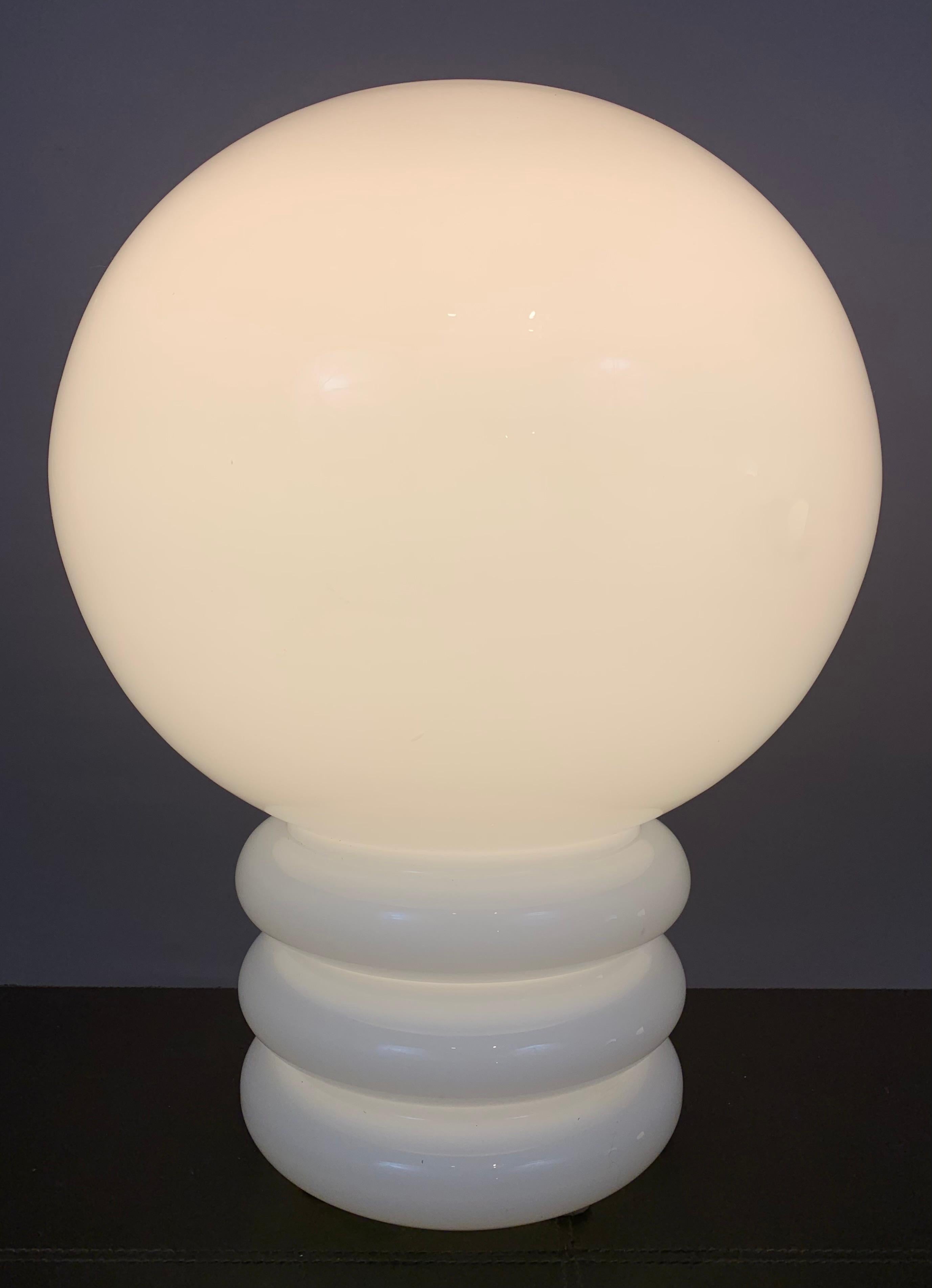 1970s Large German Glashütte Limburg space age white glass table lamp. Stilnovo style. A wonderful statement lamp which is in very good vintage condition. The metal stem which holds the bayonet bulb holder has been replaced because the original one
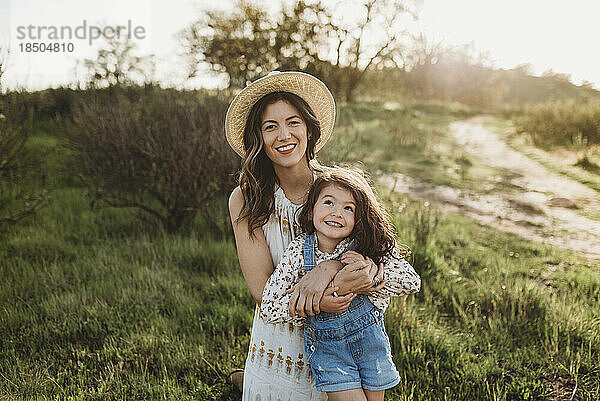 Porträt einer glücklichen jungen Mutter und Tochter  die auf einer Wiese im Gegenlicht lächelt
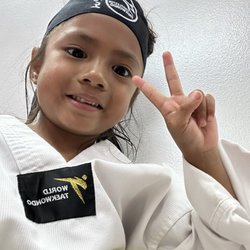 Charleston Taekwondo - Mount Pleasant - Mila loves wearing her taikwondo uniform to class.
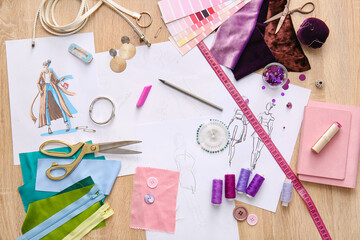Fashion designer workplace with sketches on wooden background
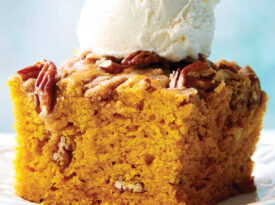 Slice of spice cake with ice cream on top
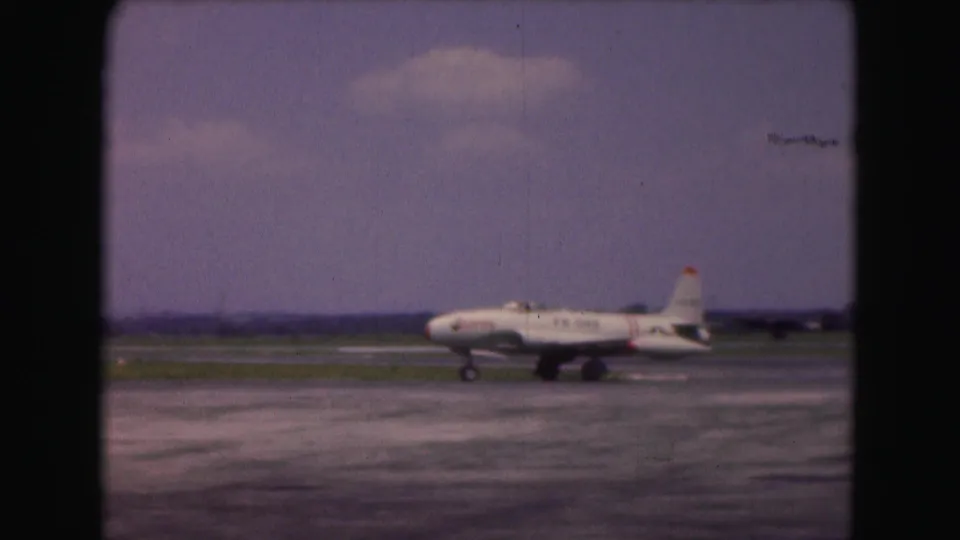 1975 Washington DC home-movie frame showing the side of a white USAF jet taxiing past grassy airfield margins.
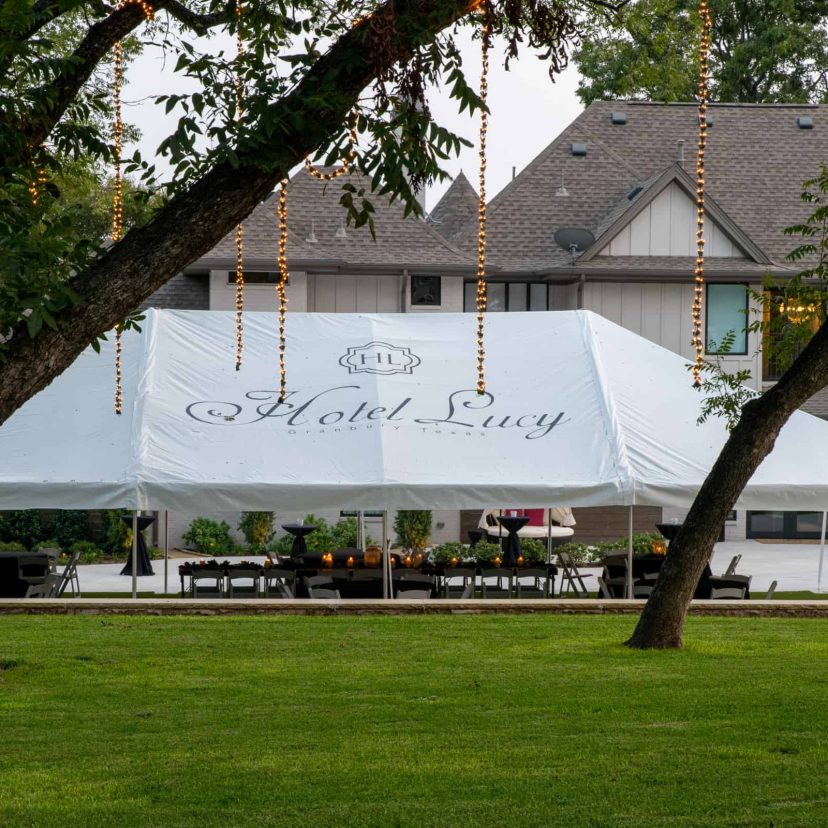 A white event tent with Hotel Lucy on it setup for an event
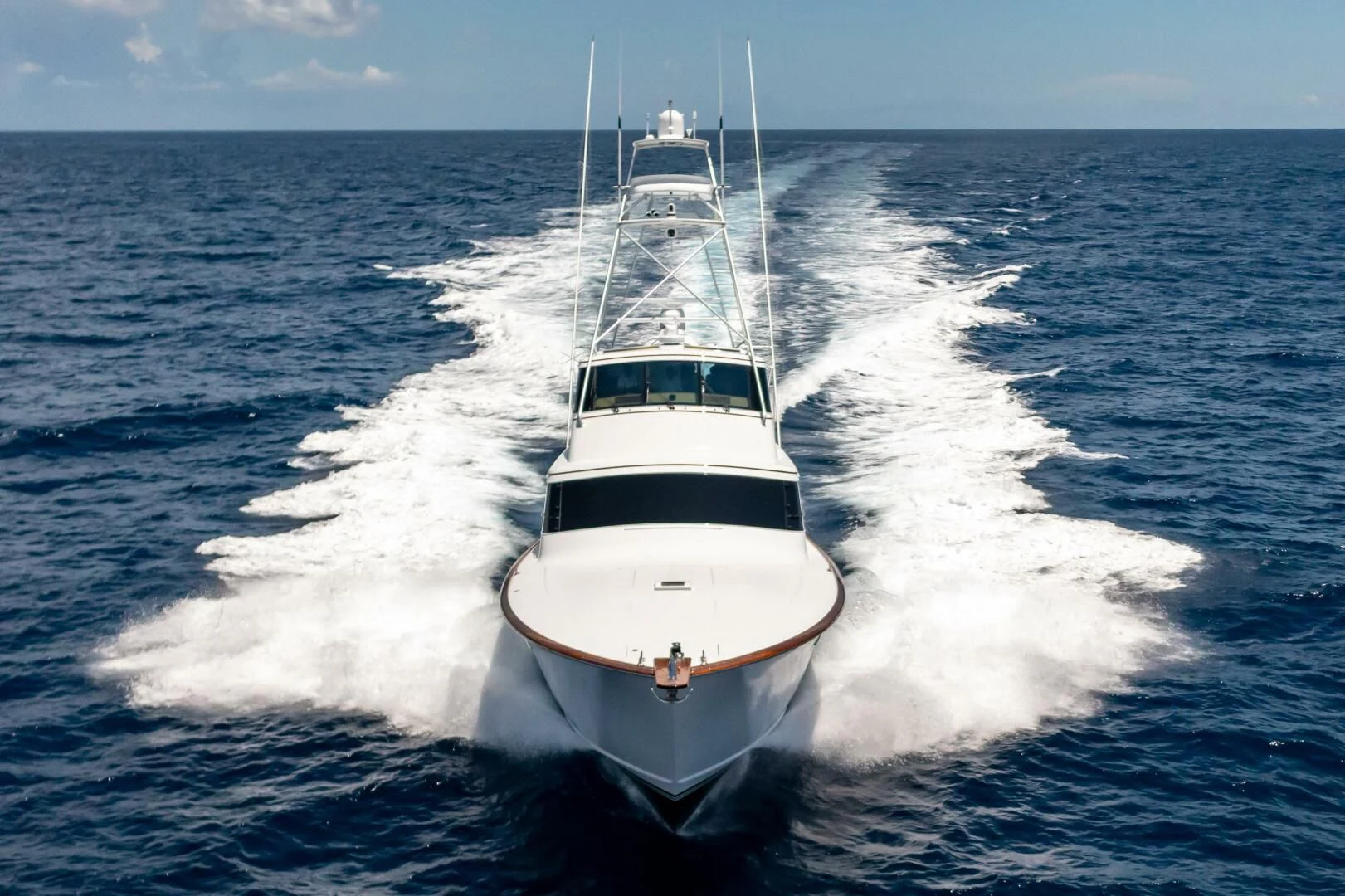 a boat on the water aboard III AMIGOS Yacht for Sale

What you are asked to do
Please retype the listing above word for word, skipping each picture.

The completed task
 1970s Large German Glashütte Limburg space age white glass table lamp. Stilnovo style. A wonderful statement lamp which is in very good vintage condition. The metal stem which holds the bayonet bulb holder has been replaced because the original one
 Porträt einer glücklichen jungen Mutter und Tochter  die auf einer Wiese im Gegenlicht lächelt
 Charleston Taekwondo - Mount Pleasant - Mila loves wearing her taikwondo uniform to class.
Fashion designer workplace with sketches on wooden background
 Slice of spice cake with ice cream on top
 1975 Washington DC home-movie frame showing the side of a white USAF jet taxiing past grassy airfield margins.
 A white event tent with Hotel Lucy on it setup for an event
 a boat on the water aboard III AMIGOS Yacht for Sale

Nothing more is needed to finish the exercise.